ABOUT THIS TASK:
Please restate word for word the lines from the top of the entries through the line that contains "Parcela st. 20", and do not include any pictures.

(Pictures with short captions)
====================

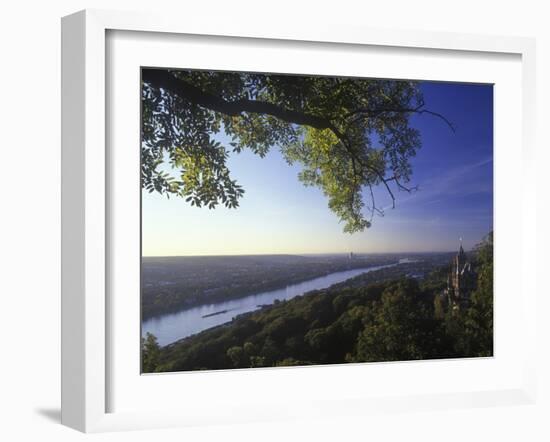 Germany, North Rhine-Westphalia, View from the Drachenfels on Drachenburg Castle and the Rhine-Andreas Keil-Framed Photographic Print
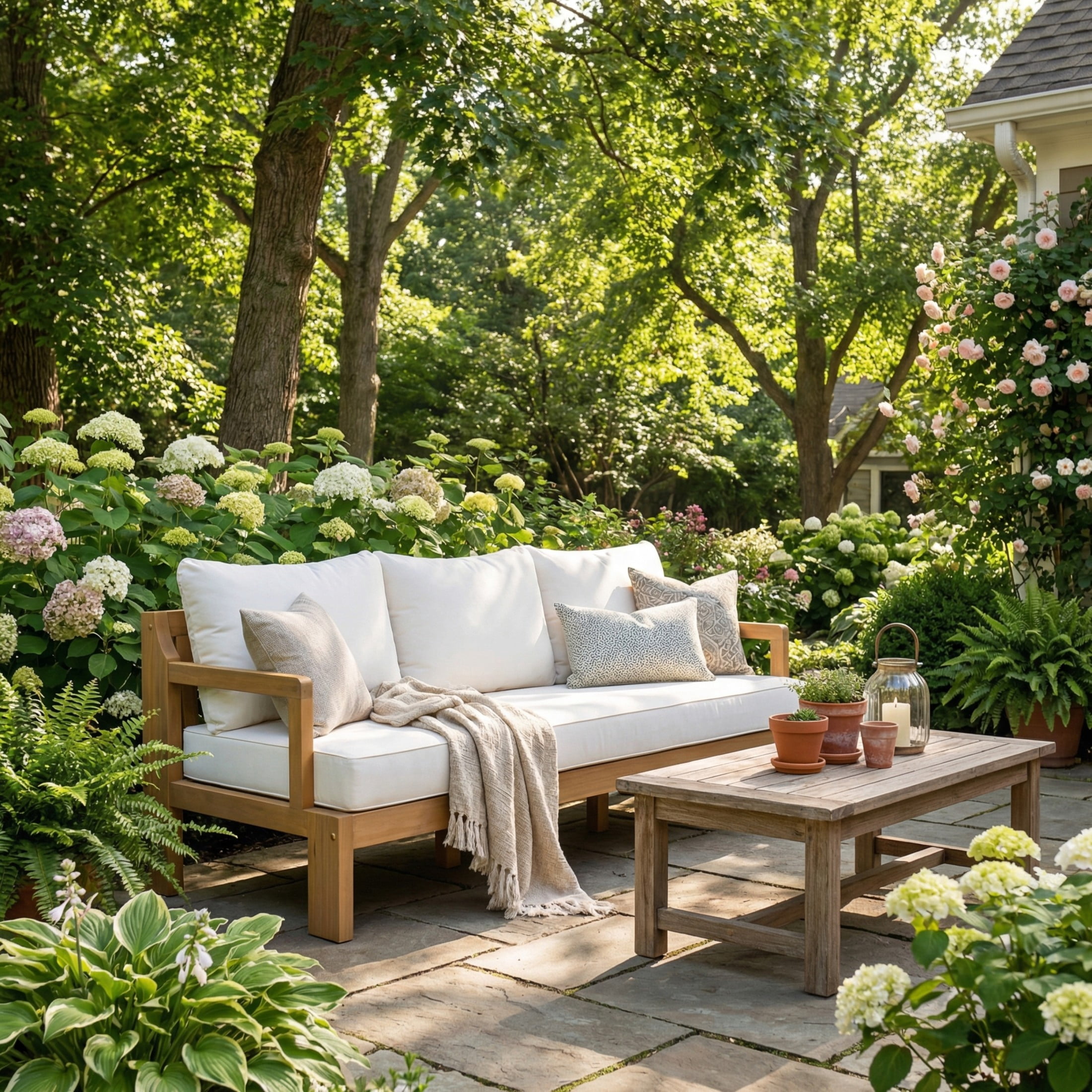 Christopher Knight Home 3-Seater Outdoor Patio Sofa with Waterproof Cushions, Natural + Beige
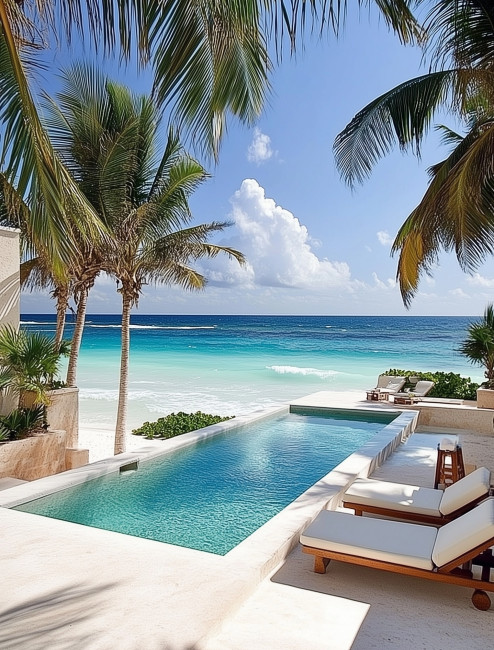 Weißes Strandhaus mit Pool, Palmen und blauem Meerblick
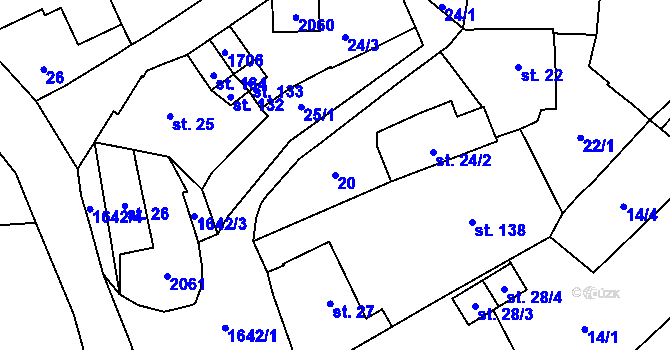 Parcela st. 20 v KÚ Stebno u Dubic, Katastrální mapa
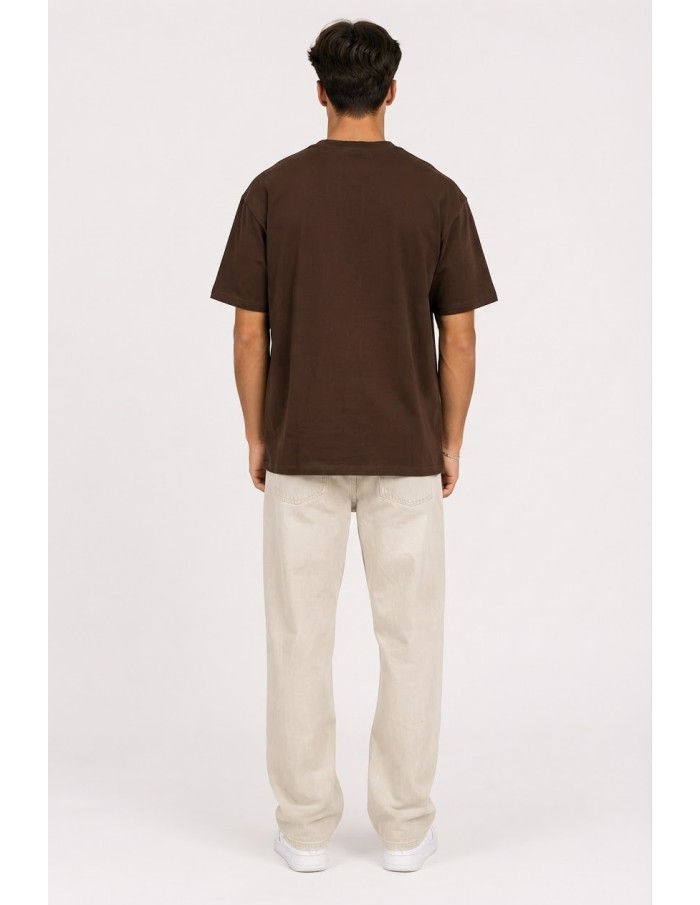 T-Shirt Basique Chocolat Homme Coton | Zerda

====================

ANSWER BOX:
 Germany, North Rhine-Westphalia, View from the Drachenfels on Drachenburg Castle and the Rhine-Andreas Keil-Framed Photographic Print
 Christopher Knight Home 3-Seater Outdoor Patio Sofa with Waterproof Cushions, Natural + Beige
 Weißes Strandhaus mit Pool, Palmen und blauem Meerblick
 Parcela st. 20 v KÚ Stebno u Dubic, Katastrální mapa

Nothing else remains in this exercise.